++++ Recorded data ++++

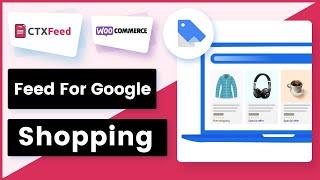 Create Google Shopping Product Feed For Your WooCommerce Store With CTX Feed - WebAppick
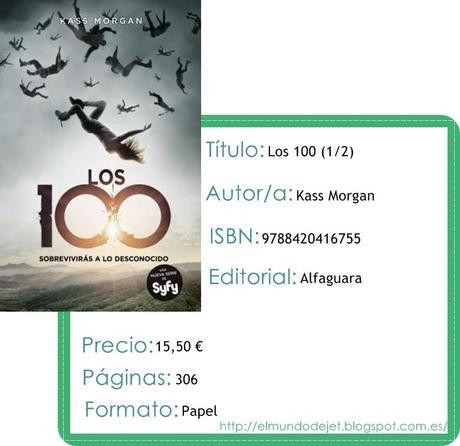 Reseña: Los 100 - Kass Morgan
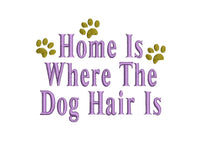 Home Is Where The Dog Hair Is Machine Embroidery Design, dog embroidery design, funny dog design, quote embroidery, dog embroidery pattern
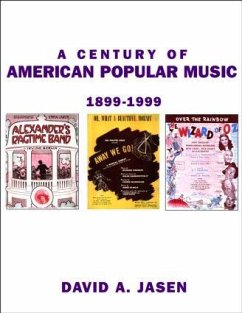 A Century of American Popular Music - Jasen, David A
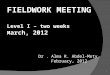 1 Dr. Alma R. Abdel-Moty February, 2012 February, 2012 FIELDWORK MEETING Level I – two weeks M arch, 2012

++++

• [Problem description] Every line from the one holding "A Century of" to the last line of the listing above, inclusive, must appear exactly as written, and no picture may appear.

• [Result of this exercise]
 A Century of American Popular Music - Jasen, David A
 1 Dr. Alma R. Abdel-Moty February, 2012 February, 2012 FIELDWORK MEETING Level I – two weeks M arch, 2012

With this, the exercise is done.